GraphQL API Crawler
GraphQL Resource Factory
Many of our data ingestion workflows rely on GraphQL, but constructing queries and introspecting types can involve repetitive steps. This GraphQL Resource Factory eliminates boilerplate by handling introspection, query building, and parameter management for you.
This guide will explain how to use the factory to bootstrap a
graphql_factory
asset in Dagster. We'll walk through the process of defining a configuration,
building the factory, and customizing the asset to suit your needs.
Step by Step: Defining Your GraphQL Resource
This example will demonstrate how to create a GraphQL asset that fetches
transactions from the Open
Collective API.
The API has a transactions
query that returns a list of transactions.

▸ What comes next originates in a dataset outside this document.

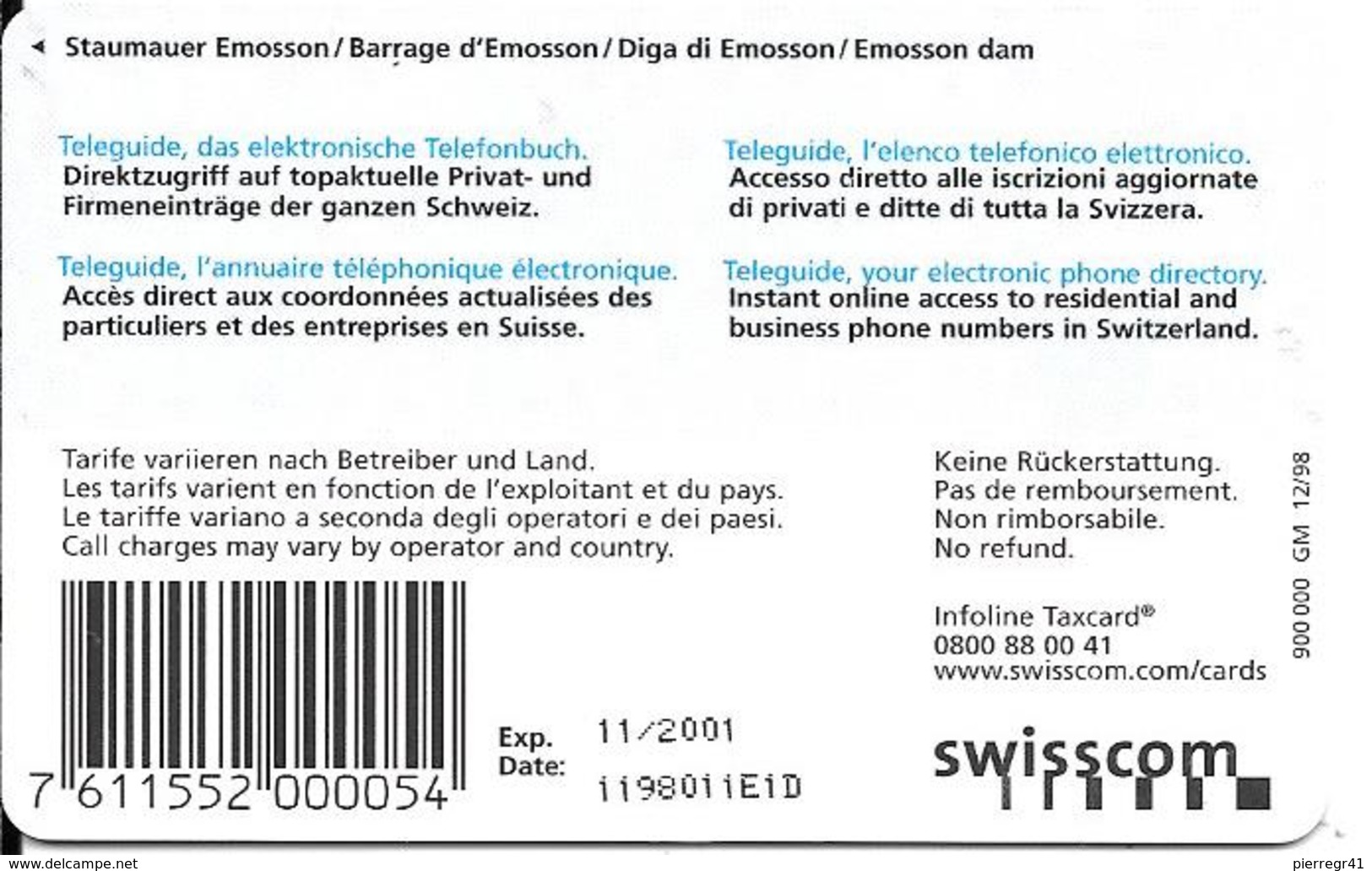 CARTE-PUCE-SUISSE-5CHF-GEM2-12/98-TAXCARD-BARRAGE EMOSSON-TBE - Schweiz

Currently, it has hundreds of nested fields, making it cumbersome to write queries manually (which we have done in the past and it's not fun). The GraphQL Resource Factory will generate the query for us, extract the relevant data, and return a clean, usable asset, all with minimal effort.
1. Create the Configuration
The first step is to define a configuration object that describes your GraphQL resource. For the Open Collective transactions example, we set the endpoint URL, define query parameters, and specify a transformation function to extract the data we need.
We also set a max_depth
parameter to limit the depth of the introspection
query. This means the generated query will only explore fields up to a certain
depth, preventing it from becoming too large, but capturing all the necessary
data for our asset.
from ..factories.graphql import GraphQLResourceConfig
config = GraphQLResourceConfig(
name="transactions",
endpoint="https://api.opencollective.com/graphql/v2",
max_depth=3, # Limit the introspection depth
parameters={
"limit": {
"type": "Int!",
"value": 10,
},
"type": {
"type": "TransactionType!",
"value": "CREDIT",
},
"dateFrom": {
"type": "DateTime!",
"value": "2024-01-01T00:00:00Z",
},
"dateTo": {
"type": "DateTime!",
"value": "2024-12-31T23:59:59Z",
},
},
transform_fn=lambda result: result["transactions"]["nodes"], # Optional transformation function
target_query="transactions", # The query to execute
target_type="TransactionCollection", # The type containing the data
)
For the full GraphQLResourceConfig
spec, see the source
In this configuration, we define the following fields:
- name: A unique identifier for the dagster asset.
- endpoint: The URL of the GraphQL API.
- max_depth: The maximum depth of the introspection query. This will generate a query that explores all fields recursively up to this depth.
- parameters: A dictionary of query parameters. The keys are the parameter names, and the values are dictionaries with the parameter type and value.
- transform_fn: A function that processes the raw GraphQL response and returns the desired data.
- target_query: The name of the query to execute.
- target_type: The name of the GraphQL type that contains the data of interest.
The factory will create the following query automatically, recursively introspecting all the fields up to the specified depth:
query (
$limit: Int!
$type: TransactionType!
$dateFrom: DateTime!
$dateTo: DateTime!
) {
transactions(
limit: $limit
type: $type
dateFrom: $dateFrom
dateTo: $dateTo
) {
offset
limit
totalCount
nodes {
id
legacyId
uuid
group
type
kind
amount {
value
currency
valueInCents
}
oppositeTransaction {
id
legacyId
uuid
# ... other generated fields ...
merchantId
invoiceTemplate
}
merchantId
balanceInHostCurrency {
value
currency
valueInCents
}
invoiceTemplate
}
kinds
}
}
2. Build the Factory
The GraphQL factory function takes a mandatory config
argument. The other arguments are directly passed to the underlying
dlt_factory
function, allowing you to customize the behavior of the asset.
For the full reference of the allowed arguments, check out the Dagster
asset
documentation.
The graphql_factory
function is the used to convert your configuration into a
callable Dagster asset. It takes the configuration object and returns a factory
function that our infrastructure will use to automatically create the asset.
from ..factories.graphql import graphql_factory
# ... config definition ...
open_collective_transactions = graphql_factory(
config,
key_prefix="open_collective",
)
How to Run and View Results
If you have not setup your local Dagster environment yet, please follow our quickstart guide.
After having your Dagster instance running, follow the
Dagster Asset Guide to materialize the assets.
Our example assets are located under assets/open_collective/transactions
.
Running the pipeline will fetch the 10
transactions from the Open Collective
API and store them in BigQuery:
Conclusion
The GraphQL Resource Factory is a powerful tool for creating reusable assets that fetch data from GraphQL APIs. By defining a configuration object and building a factory function, you can quickly create assets that crawl complex APIs effortlessly.
This allows you to focus on the data you need and the transformations you want to apply, rather than the mechanics of constructing queries and managing API interactions.